Your next step: Pick the task you use local AI for most frequently. Write a Modelfile that encodes exactly how that task should be handled — the format, the tone, the rules, the constraints. Build it with ollama create. Test it with 10 real examples. Notice how much better a purpose-built model is than the generic base.

📚 Continue the Series:

← Previous Local LLMs vs Cloud AI: The Honest 2026 Comparison

Next → AI Agents With Ollama: n8n, LangChain, and Autonomous Local Workflows

Using these in production Building AI Apps With Ollama and Python

Team deployment Ollama for Business

Last updated: June 2026. Modelfile syntax is documented at github.com/ollama/ollama/blob/main/docs/modelfile.mdx.

Frequently Asked Questions (FAQ)

Do I lose access to the base model's capabilities when I create a custom model?

No — a custom model has all the capabilities of its base model. The Modelfile adds constraints and defaults; it does not remove capabilities. A user can still ask your code review model to write poetry.

Can I use a Modelfile to make a model refuse certain topics?

You can instruct it to decline out-of-scope requests via the system prompt. This is not a hard technical block — a determined user can still elicit responses by rephrasing. For true content blocking, you need application-level filtering on top of the model.

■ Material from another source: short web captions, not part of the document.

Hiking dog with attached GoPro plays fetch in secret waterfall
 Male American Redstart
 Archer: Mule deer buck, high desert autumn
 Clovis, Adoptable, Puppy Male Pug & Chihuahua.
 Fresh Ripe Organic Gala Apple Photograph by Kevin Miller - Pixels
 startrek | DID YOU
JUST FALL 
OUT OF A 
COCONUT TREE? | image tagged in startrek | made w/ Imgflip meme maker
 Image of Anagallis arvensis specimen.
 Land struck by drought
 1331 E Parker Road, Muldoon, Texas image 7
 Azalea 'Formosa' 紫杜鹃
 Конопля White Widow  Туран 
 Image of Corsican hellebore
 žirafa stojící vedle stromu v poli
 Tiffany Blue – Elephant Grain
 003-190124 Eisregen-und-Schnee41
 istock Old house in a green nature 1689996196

How does a Modelfile system prompt interact with system prompts set in the API?

When you call the Ollama API with a system message in the messages array, it typically overrides or appends to the Modelfile system prompt depending on the model's template. Test the specific model's behavior — use the Modelfile system prompt for baked-in behavior and reserve API system prompts for per-conversation overrides.

Can I use the same Modelfile for different base models?

Yes — change the FROM line and rebuild. This is useful for testing- build the same custom model on `qwen3:7b` for fast testing and `qwen3.6:27b` for deployment quality.